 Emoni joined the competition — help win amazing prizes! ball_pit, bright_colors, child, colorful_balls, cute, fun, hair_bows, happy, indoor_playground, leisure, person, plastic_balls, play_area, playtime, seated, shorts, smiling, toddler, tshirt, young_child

* * *

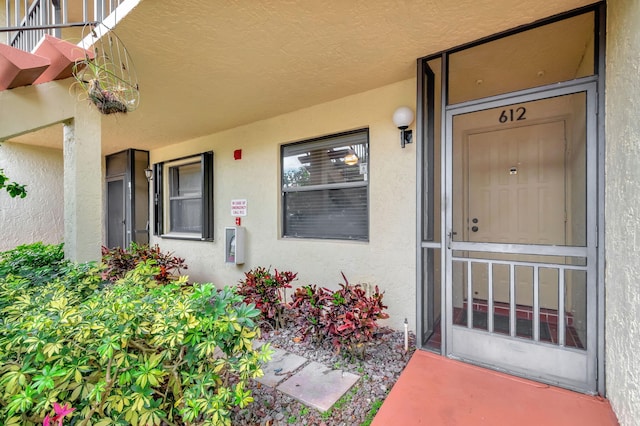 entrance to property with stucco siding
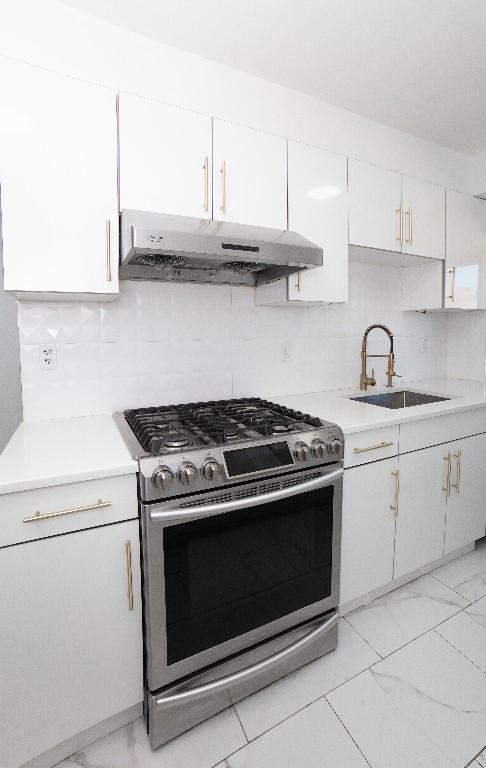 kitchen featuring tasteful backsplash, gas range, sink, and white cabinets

#### ASSIGNED TASK:
Your copy should hold the lines from the one with "entrance to property with stucco siding" up to and including the one with "kitchen featuring tasteful", exactly as in the data above, and no pictures.

#### RESULT:
 entrance to property with stucco siding
 kitchen featuring tasteful backsplash, gas range, sink, and white cabinets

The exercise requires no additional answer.